Infidelity - Forgive or Forget (them)?
Filed under: SocietyInfidelity, I don’t get it. It’s like 3D televisions; you think it’s going to be exciting and new, but we all know that it’s just attractive bullshit that’s just going to disappoint you in the end. So why do people do it? Well various reasons really, some more serious and genuine than others, but the end result is the same. You betrayed someone who trusted you. There’s no getting around it: you can sugar coat it all the fuck you want: doesn’t matter, you still pissed all over someone’s heart.

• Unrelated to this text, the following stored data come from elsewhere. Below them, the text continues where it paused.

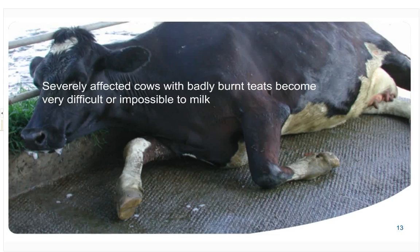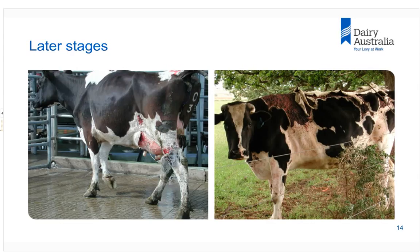This cow was presented after the farmer called me out thinking she had a twisted bowel, but when you look she has severely sunburned teats. This is a very acute case. Even less severe cases than this are very difficult or nearly impossible to milk because the teats get very sore, and in many cases cows have to be dried off purely because of the sore teats.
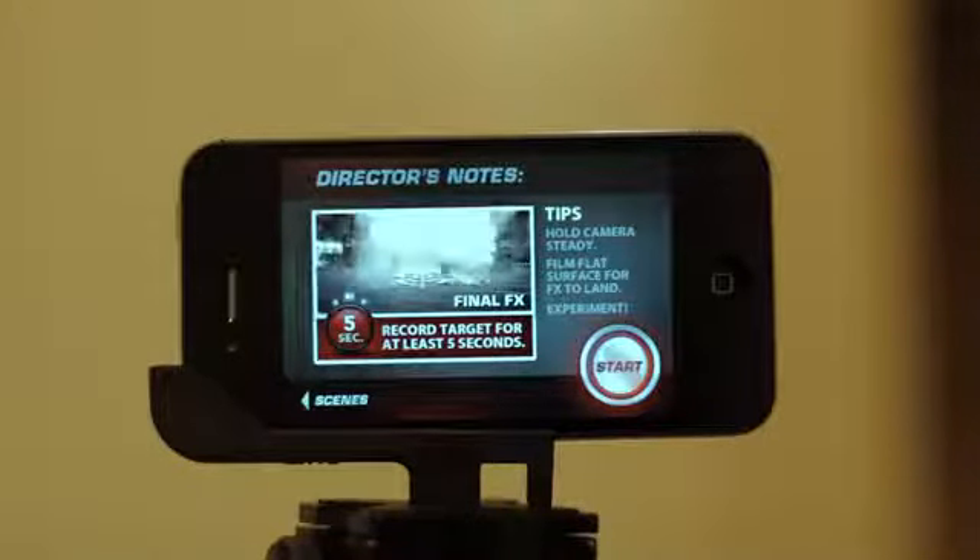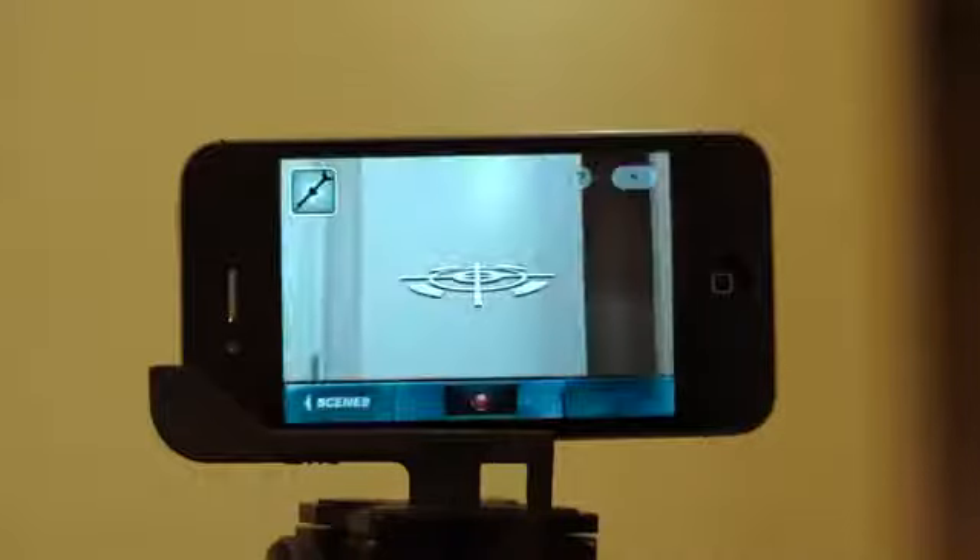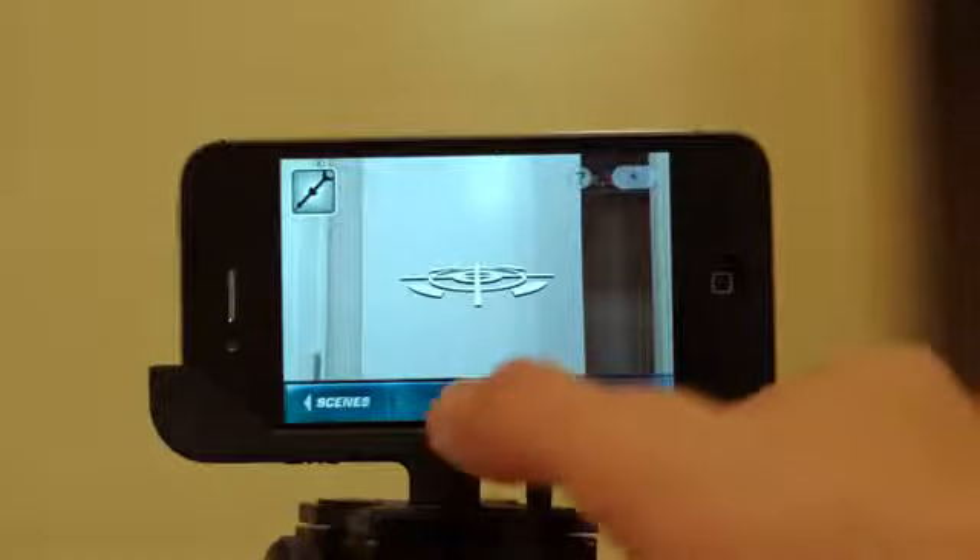Overall, I found the looks actually pretty realistic for an iPhone. It of course doesn't have anything too advanced like motion tracking to add that extra bit of realism, but overall I was impressed with the results.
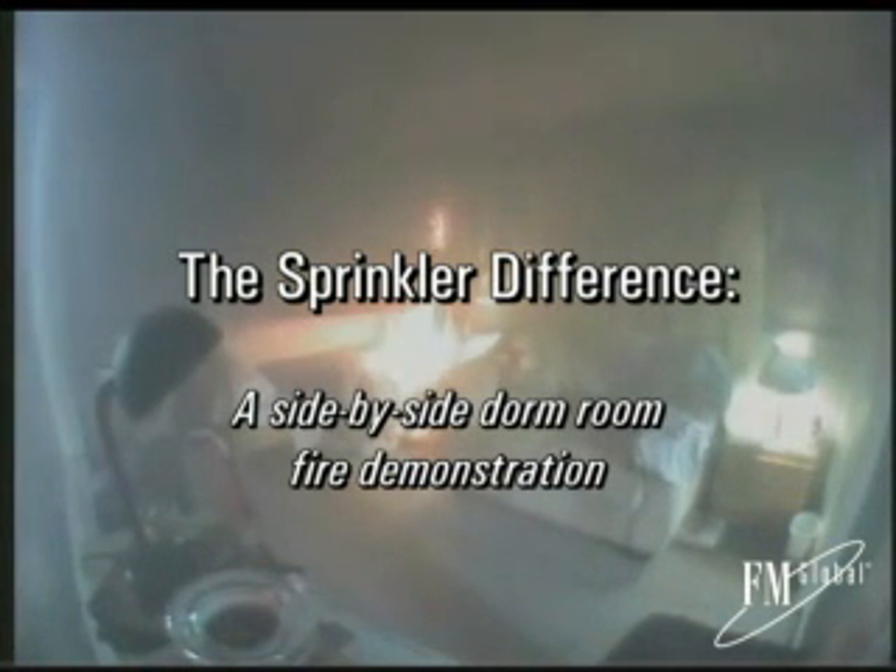Between 1990 and 2000, the National Fire Protection Association reports that more than 22,000 fires occurred in dormitory facilities in the U.S. These fires resulted in property damage losses in excess of $212 million, more than 900 personal injuries, and 26 fatalities.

Mind you, it depends on what your definition of cheating is. Some people think that the insertion of genitalia into another person is cheating, whereas others consider kissing cheating. The list goes on… However as far as I’m concerned any sexual contact, kissing and/or actual sex (oral and penetrative) is cheating. Notice I didn’t say flirting there because let’s face it, everybody flirts and most of the time it’s harmless, (so long as there is no intention to act upon it) it’s fine. This is the definition I think most people will agree on.
I’m a romantic and I believe in love, trust and loyalty. So as far as I’m concerned infidelity should not be forgiven. Unless of course the cheater in question comes out about it on their own, feeling genuinely awful about that they’ve done and sincerely promising that they are going to change their ways. Then the cheated can think about forgiving them. Yeah think about it. Don’t just fucking forgive them, they cheated on you. It’s the ultimate betrayal of trust, so you need to think damn hard about whether or not you can a) Trust this person again b) Are sure they’ll never do it again. Mind you, even then I’d be more inclined to tell them to jog the fuck on.
Infidelity is very fucking serious and should not be easily forgiven
”But I felt trapped! They weren’t fulfilling my needs! They don’t listen to me/make me feel wanted/suck me off/lick me out!” - Not fucking good enough. That’s why you fucking talk about it or break it off. It’s that simple and anyone who says otherwise is a fucking coward.
Yeah you heard me coward. Because that’s what it is - cowardice. You’re afraid to speak to them/dump them/confront the situation and that’s cowardice. Running into the arms of another person is not noble, nor does it solve the problem and don’t give me that “but I still want her/him” bullshit. Really? Then why are you going behind their back to fondle someone else?! Sort yourself out: you have no right to be with someone until you know what you really want.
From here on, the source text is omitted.